I haven't posted in awhile on here. So much has been happening.  I found a new church to go to-Cornerstone Christian fellowship. I'll admit, it is so hard.  For the longest time, I had no desire to try and find another church. My heart and my life has been put into CCSE for so long, I had no desire to find someplace where I'd do that again.  My friend Ben told me that this church-split is like a divorce. Emotional and heart breaking. Ugh. I can't even begin to explain what I've been feeling--but I can say that God has begun to heal what has been broken. I know it will be a long process....I've been hurt beyond measure, betrayed, and rejected in some cases. But God is so faithful to comfort and heal thsoe who are broken and prostrate before Him. I feel I cannot get any lower. In all of this, I have fallen so far. I never thought I would--but I did. I need to continue to surround myself with Christ--through church, fellowship, reading His Word, and constant fellowship with my Savior. I am so easily discouraged by the Devil. I have to stay strong--I have to die to myself daily. 
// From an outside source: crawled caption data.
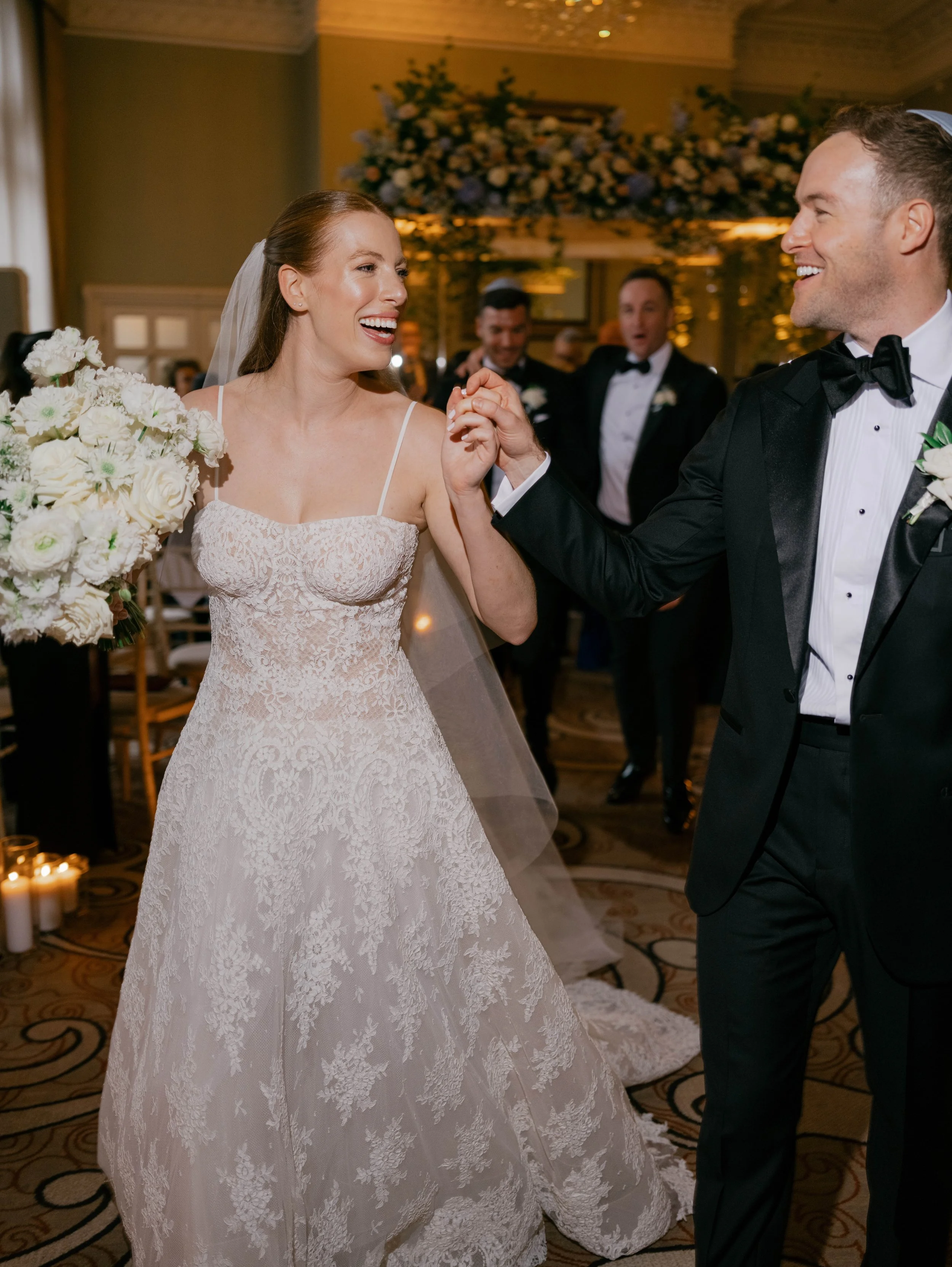 Bride and groom at the St. Pancras Hotel coming down the aisle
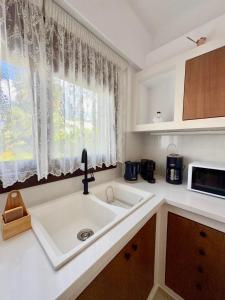 a kitchen with a sink and a window at Kapetánissa Concept Studios in Stalís +37 photos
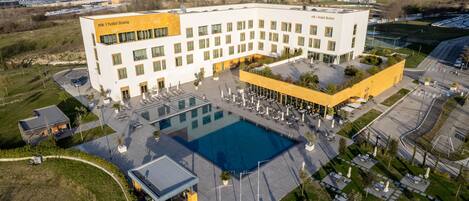 Un hotel con una piscina grande, varios balcones y un área de estacionamiento.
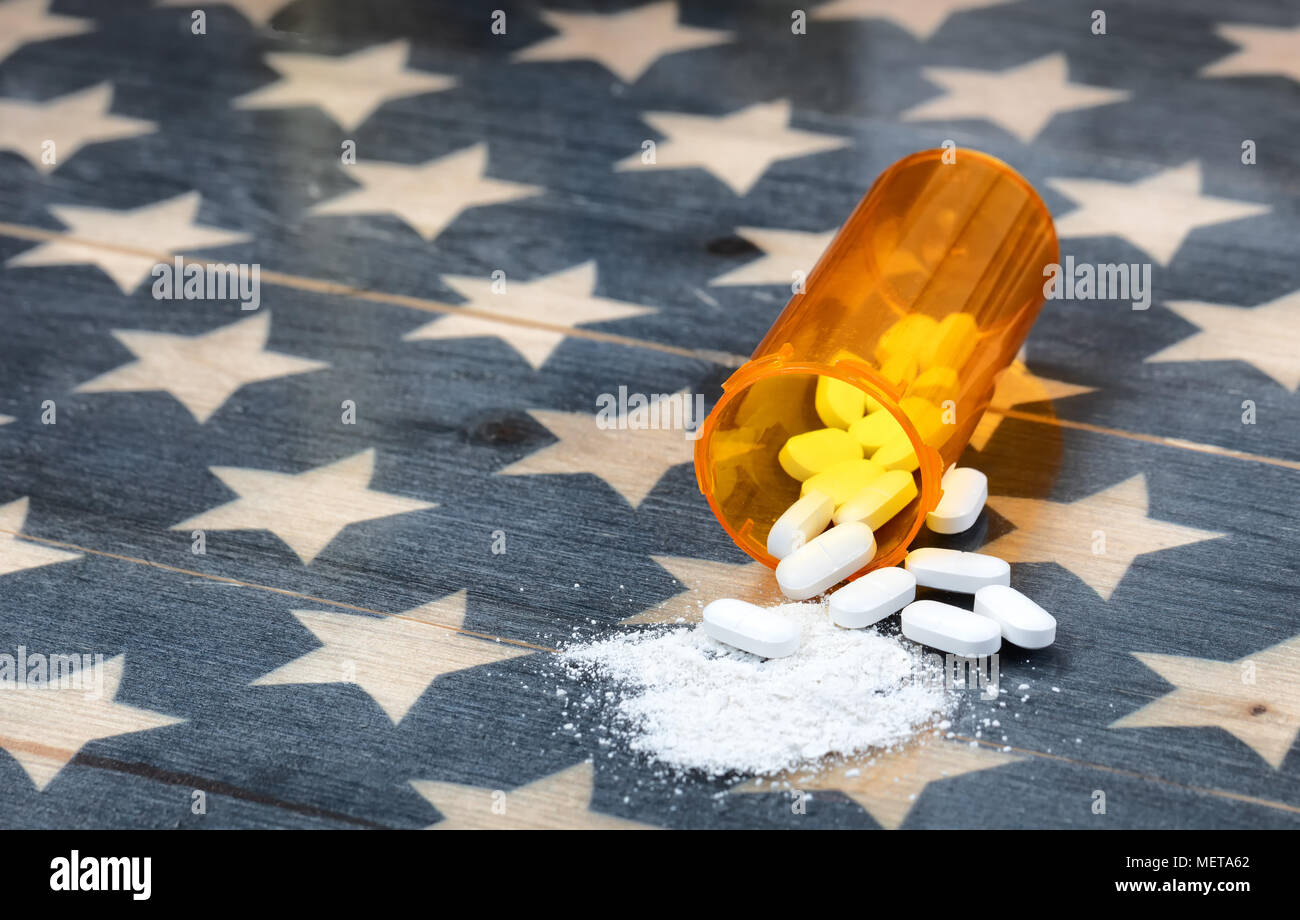Vue avant de bouteille remplie de prescription des opioïdes générique comprimés contre la douleur sur drapeau USA rustique en arrière-plan pour la toxicomanie concept dans Americ Banque D'Images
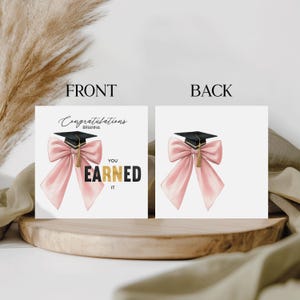 May include: A graduation card with a black mortarboard and a pink bow. The front of the card reads "Congratulations Brianna, You Earned It" in black and gold lettering. The back of the card features the mortarboard and bow.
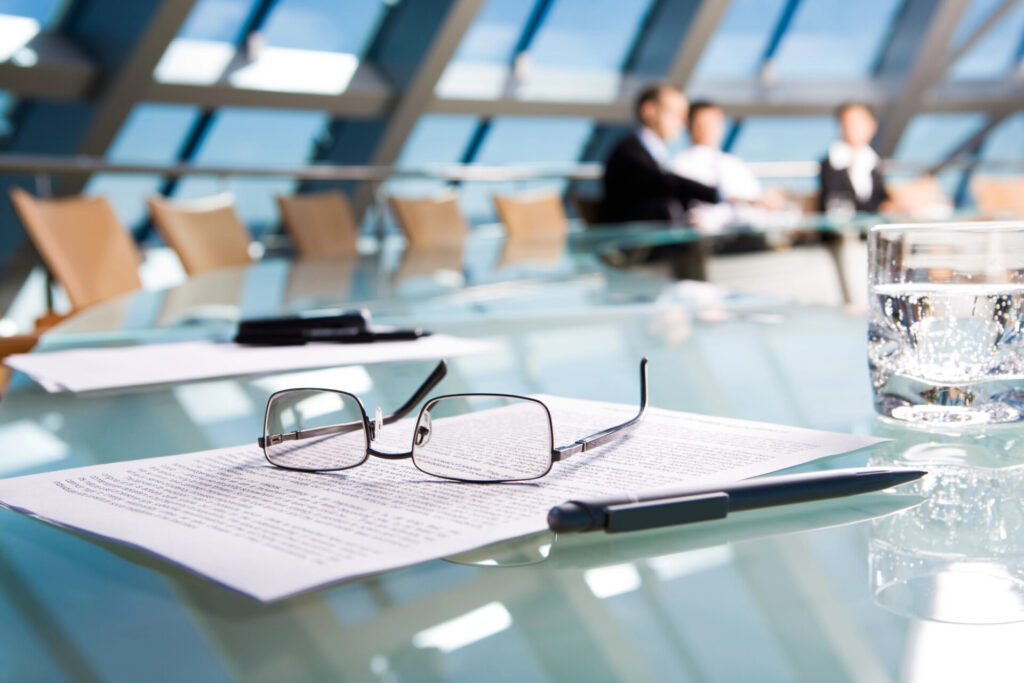 Glasses, a pen, and documents rest on a glass conference table with a glass of water; three people are blurred in discussion in the background, reflecting the professional clarity of Homepage V2-old.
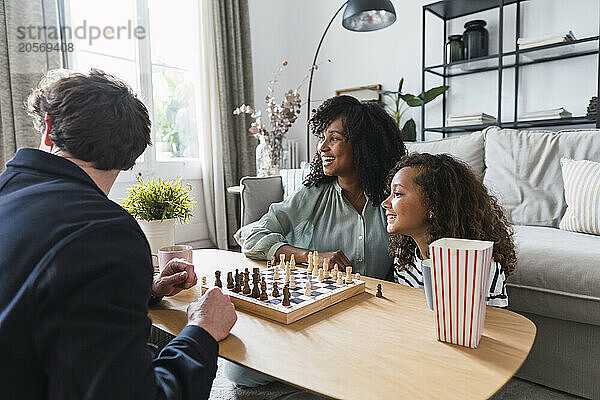 Parents sitting in livingroom teaching daughter to play chess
On top of that, I've felt the desire for something more... What? I don't know. I feel lost, like my life is a waste of time, that I'm not allowing myself to be used for God, like I really have no one to talk to....so weird. 

And.....I have suddenly realized what I want in a guy...what I need in a guy. I need someone who's relationship with God is so much stronger than mine. I realize I need someone to lead me in my life--not only in the every day decisions, but spiritually. I want someone who will come visit me when I am sick--some one who will call me just outta the blue--I want to be pursued. I want him to seek after me. I want to be encouraged...I want someone who will be mature, but isn't ashamed to be silly. I want someone who isn't afraid to work at life--who is responsible. I want a man who is so in love with God that you just know something is different about him. 

I just need to let go of things in the past...sins, people, and move on. I don't want to. For some reason I like the comfort of what  I have held on to for so long, and it's hard for me to let go of it. I am so sorry. It just has to end.

Well, that's my life in a nutshell at this very moment. Prayer is appreciated--one can never have too much prayer.